Mike and I celebrated our 15 year anniversary in January. And to keep it all brief but honest…over the past 2 years, Mike and I discovered the depths of marital un-bliss (that hyphenated word is the biggest understatement of this blogs life, for the record). We hear this isn’t uncommon at this stage in the journey…but  oh, my. That’s the stuff that’ll make or break you as a person and a family. And thankfully, it did end up making us and continues to makes us better than that initial marital bliss of the early years. So….if you are wading through the thick of it. I’ve been there. Drop me a line. We can chat it out over a shared slice of cake across the table or across the miles.
We have bought a 1920’s home in a small sleepy town in Ohio. And its becoming a bit more than we bargained for. So likely, as I dive back into the land of Art of Homemaking here and there, you’ll get a glimpse into the happenings at our own version of This Old House.
Speaking of that domestic goodness that fills my creative bucket…
On the cooking front...when not in NYC or DC you'll find my nose in a cookbook or whipping up something in our makeshift summer kitchen.  My true kitchen is torn down to the studs, so cooking or baking nowadays usually involves a griddle or grill. And I have a seriously uh-ma-zing recipe to share soon…maybe I’ll tackle that this week. Hold me to it!
I haven’t sewn in a few (many few) months. But there’s some crafting action about to start up again…my fingertips are missing needle pricks.

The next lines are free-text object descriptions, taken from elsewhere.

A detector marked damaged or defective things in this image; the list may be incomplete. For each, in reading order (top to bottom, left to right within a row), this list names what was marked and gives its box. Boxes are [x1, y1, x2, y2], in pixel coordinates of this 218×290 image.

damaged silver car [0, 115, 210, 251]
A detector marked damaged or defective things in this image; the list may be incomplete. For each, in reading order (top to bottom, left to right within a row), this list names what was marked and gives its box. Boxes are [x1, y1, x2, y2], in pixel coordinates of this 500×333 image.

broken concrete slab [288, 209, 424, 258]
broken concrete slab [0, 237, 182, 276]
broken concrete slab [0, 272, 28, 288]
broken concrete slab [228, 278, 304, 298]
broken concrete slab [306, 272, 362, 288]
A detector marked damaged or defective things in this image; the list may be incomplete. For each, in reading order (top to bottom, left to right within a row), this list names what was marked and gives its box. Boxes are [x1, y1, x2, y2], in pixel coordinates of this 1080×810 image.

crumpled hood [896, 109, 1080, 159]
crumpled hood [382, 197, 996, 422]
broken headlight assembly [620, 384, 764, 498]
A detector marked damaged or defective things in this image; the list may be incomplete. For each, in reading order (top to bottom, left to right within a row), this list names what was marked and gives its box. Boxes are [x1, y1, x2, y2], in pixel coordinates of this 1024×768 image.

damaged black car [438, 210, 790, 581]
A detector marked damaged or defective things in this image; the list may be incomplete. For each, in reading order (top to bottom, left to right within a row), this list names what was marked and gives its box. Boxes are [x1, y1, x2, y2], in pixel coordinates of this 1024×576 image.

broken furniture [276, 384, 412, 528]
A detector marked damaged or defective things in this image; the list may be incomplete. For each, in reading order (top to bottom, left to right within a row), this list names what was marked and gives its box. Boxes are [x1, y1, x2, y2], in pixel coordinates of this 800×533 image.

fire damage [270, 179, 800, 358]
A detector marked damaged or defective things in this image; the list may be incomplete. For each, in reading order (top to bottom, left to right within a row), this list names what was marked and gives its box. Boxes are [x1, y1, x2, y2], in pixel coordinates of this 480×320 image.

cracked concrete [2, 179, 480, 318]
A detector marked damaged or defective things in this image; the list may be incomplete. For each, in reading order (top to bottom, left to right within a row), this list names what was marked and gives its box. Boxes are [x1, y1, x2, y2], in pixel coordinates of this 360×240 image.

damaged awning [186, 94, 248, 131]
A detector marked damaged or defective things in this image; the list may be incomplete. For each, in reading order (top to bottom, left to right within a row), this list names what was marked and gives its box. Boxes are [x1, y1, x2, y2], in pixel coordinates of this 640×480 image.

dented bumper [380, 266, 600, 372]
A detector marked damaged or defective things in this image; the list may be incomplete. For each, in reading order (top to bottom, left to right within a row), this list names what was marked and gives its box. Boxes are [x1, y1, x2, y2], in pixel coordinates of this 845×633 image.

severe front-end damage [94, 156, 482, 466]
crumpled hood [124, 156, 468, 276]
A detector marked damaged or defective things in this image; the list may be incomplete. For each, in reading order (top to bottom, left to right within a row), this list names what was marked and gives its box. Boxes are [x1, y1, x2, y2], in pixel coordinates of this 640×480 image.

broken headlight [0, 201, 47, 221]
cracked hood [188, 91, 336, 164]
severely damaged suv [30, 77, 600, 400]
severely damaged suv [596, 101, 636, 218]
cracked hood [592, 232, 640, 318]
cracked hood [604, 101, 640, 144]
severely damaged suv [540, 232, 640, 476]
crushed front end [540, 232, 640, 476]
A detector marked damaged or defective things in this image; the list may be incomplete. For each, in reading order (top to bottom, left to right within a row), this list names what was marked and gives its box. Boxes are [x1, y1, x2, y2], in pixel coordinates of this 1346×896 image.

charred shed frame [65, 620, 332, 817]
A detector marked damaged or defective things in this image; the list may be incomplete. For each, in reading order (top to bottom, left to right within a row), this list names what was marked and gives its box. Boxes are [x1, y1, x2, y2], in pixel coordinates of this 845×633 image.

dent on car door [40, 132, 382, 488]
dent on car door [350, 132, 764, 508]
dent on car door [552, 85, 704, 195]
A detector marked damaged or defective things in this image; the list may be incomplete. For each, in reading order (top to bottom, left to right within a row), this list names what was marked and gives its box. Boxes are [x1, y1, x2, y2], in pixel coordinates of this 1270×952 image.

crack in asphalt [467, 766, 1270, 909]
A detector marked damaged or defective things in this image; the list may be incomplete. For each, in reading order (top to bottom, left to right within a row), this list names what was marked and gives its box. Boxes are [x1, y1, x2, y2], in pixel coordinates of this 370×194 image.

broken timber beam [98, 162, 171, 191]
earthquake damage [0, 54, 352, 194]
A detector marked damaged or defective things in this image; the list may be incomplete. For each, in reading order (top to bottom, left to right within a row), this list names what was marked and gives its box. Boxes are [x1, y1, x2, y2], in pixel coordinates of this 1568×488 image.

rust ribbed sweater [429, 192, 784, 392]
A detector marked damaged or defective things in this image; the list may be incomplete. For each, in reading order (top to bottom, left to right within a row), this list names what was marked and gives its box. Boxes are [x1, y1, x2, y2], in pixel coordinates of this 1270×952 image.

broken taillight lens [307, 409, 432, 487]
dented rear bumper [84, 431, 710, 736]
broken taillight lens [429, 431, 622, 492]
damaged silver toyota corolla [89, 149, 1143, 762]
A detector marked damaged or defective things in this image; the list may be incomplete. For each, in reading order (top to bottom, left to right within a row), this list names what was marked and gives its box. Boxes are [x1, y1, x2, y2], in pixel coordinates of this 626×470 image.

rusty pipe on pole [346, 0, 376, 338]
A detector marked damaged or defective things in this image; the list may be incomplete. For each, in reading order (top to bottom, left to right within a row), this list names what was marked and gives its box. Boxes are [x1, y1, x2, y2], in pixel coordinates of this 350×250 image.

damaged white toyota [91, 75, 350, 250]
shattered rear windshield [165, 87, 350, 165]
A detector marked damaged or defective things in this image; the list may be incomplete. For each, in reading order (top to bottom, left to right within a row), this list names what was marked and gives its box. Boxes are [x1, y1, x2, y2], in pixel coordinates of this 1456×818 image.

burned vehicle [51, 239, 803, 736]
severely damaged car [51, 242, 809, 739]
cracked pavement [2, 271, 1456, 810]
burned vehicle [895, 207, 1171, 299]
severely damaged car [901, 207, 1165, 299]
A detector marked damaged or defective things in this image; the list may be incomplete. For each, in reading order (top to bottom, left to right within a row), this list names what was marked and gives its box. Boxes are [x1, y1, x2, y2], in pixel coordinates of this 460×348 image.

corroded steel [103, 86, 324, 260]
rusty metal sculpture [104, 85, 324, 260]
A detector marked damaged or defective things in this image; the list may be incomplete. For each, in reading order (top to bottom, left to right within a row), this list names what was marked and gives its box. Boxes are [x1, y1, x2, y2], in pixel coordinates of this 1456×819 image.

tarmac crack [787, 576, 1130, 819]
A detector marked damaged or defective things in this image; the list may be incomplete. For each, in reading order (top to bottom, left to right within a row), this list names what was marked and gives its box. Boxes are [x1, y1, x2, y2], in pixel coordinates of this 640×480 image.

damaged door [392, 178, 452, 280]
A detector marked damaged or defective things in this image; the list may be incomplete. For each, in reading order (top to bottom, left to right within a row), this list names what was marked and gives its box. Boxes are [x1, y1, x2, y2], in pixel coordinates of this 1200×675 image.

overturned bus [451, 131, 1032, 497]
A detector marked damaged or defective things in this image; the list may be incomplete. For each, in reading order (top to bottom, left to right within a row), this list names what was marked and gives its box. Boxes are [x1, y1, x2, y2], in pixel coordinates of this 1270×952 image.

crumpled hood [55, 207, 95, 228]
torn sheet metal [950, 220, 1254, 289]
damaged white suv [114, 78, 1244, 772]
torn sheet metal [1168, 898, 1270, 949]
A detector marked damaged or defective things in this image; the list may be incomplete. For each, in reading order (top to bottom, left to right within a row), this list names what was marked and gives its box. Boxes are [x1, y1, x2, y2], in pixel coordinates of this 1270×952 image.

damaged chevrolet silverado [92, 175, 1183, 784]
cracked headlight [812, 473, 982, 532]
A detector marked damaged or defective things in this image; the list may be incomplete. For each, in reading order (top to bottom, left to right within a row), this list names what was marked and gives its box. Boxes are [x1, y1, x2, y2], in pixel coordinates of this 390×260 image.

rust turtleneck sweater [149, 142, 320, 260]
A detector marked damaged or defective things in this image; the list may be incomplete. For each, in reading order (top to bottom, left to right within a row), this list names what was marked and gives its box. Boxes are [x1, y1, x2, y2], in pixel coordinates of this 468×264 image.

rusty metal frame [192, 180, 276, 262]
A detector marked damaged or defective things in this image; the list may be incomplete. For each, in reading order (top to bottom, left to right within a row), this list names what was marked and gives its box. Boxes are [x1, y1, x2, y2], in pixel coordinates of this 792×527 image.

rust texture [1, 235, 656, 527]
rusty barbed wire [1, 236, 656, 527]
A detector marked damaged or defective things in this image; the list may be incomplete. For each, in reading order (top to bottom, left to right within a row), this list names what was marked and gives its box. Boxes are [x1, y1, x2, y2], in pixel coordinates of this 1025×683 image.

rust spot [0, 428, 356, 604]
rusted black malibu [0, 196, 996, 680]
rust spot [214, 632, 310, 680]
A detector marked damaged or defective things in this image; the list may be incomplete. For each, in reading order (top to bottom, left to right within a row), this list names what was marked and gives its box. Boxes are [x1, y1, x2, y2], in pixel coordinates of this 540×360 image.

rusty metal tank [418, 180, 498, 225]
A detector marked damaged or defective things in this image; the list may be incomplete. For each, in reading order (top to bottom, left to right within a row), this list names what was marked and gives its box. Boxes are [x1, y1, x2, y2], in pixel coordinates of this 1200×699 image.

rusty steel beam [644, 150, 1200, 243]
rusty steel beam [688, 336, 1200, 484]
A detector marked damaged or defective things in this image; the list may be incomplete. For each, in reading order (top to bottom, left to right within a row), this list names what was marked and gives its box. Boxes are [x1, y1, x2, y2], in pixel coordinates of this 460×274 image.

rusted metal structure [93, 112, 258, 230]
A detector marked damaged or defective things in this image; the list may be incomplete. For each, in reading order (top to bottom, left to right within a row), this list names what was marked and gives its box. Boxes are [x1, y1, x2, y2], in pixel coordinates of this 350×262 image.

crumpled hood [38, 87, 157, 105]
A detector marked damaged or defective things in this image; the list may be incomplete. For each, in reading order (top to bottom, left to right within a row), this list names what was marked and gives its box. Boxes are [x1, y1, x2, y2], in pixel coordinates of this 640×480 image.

We spend loads of time outdoors right now. Tennis, hiking, picnicking, kayaking, frolicking on lakefronts and exploring our new town.
And I do travel away from home more… NYC mostly. And although four years ago I couldn’t have dreamed up a scenario in which I was sitting, having coffee and oats by Grand Central Terminal alone after 3 grueling days of meetings, it really IS dreamy to be here in this moment. Yes, I miss those kiddos desperately and Mike even more so. Choosing whether to venture from the hotel for dinner at 9pm or just sleep because rest seems more necessary than meeting the calorie consumption I missed by only eating a beet and arugula salad at a lunch meeting… that feels a far cry from sewing marathons at the kitchen table with a pie baking in the oven and the kids playing Uno in the next room over.
But in reality, I do still get those times. Just less frequent than before. But that’s not a bad thing. Pie everyday isn’t so good for the blood sugar levels, anyhow.
My phone goes off on the weekends (I’m not ignoring your texts, friends and family!) and I keep an office away from home now so the Smith Homestead has once again become simply, home.
Any entrepreneur knows the demands of time and focus that creating something requires in the early stages. I can see how easy it would be to slip into that pattern long term…I’ve been tempted to dip my toe into that high productivity, all-else-takes-a-backseat world.
But I said 'no' to the temptation. And I'm so proud of myself for giving myself permission to do that.
Today I’ll head home after a glorious week doing the work I love.
Next week spend some time camping with those three amazing boys.  
The days are long but the years are short.